» **Provided material**
########################################
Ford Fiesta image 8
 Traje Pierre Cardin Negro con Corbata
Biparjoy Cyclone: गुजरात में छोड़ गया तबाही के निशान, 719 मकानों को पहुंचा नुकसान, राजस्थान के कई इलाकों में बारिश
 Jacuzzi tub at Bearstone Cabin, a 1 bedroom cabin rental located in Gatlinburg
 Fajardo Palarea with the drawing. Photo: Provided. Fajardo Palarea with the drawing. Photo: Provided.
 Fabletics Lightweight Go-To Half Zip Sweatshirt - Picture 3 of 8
########################################
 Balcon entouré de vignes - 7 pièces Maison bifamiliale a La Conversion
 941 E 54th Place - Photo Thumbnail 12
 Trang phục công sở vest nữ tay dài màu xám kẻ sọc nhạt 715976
########################################
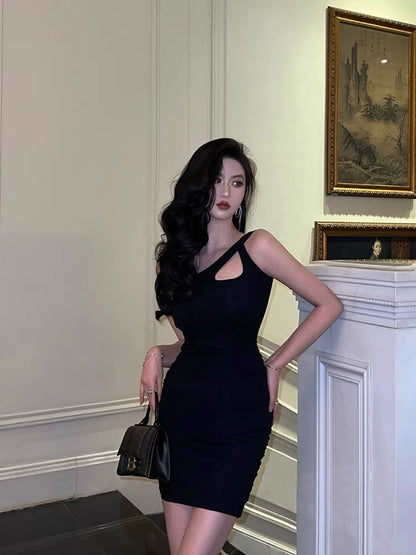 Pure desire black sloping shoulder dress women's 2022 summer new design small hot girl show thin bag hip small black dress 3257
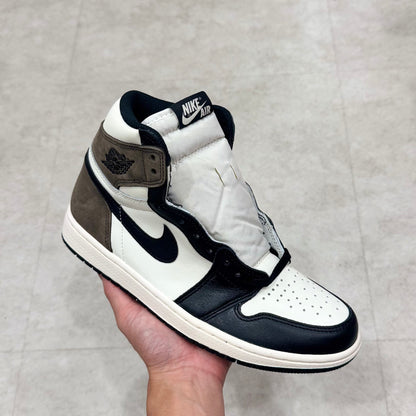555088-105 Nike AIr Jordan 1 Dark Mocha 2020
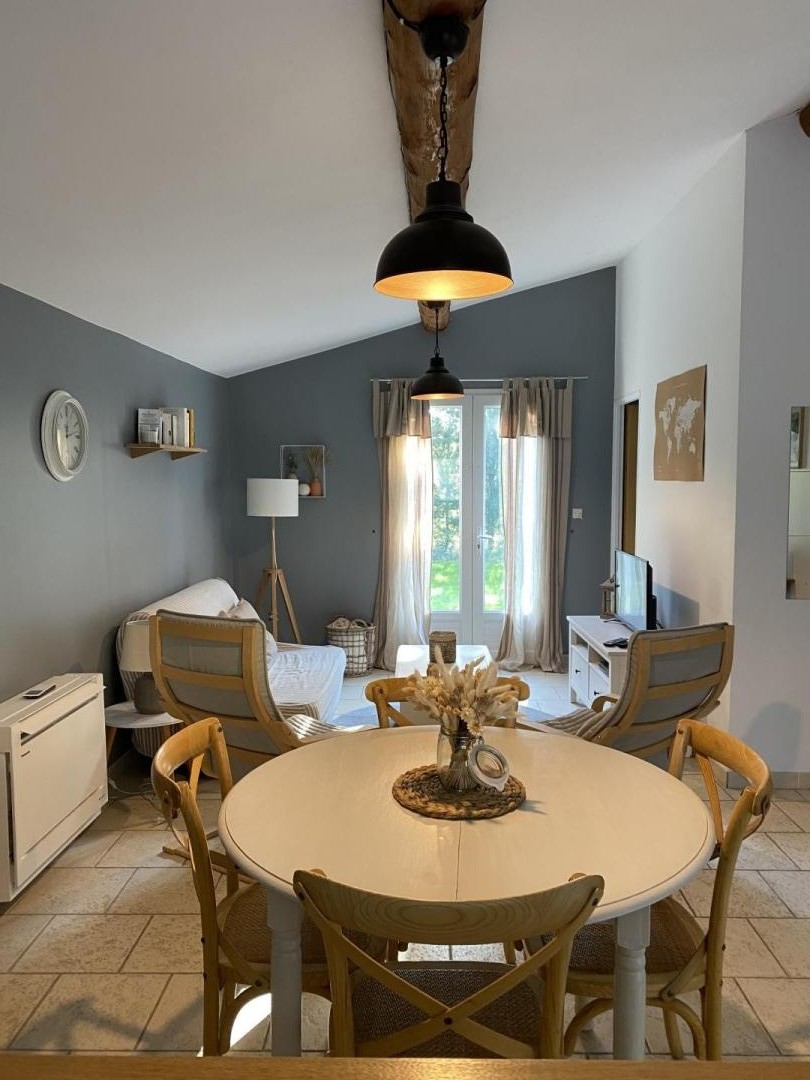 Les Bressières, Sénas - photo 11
########################################
» **Work order**
Everything from the line containing "Ford Fiesta image 8" through the line containing "Fabletics Lightweight Go-To" in the material above should be retyped exactly, both ends included, and nothing more.

» **Solution**
Ford Fiesta image 8
 Traje Pierre Cardin Negro con Corbata
Biparjoy Cyclone: गुजरात में छोड़ गया तबाही के निशान, 719 मकानों को पहुंचा नुकसान, राजस्थान के कई इलाकों में बारिश
 Jacuzzi tub at Bearstone Cabin, a 1 bedroom cabin rental located in Gatlinburg
 Fajardo Palarea with the drawing. Photo: Provided. Fajardo Palarea with the drawing. Photo: Provided.
 Fabletics Lightweight Go-To Half Zip Sweatshirt - Picture 3 of 8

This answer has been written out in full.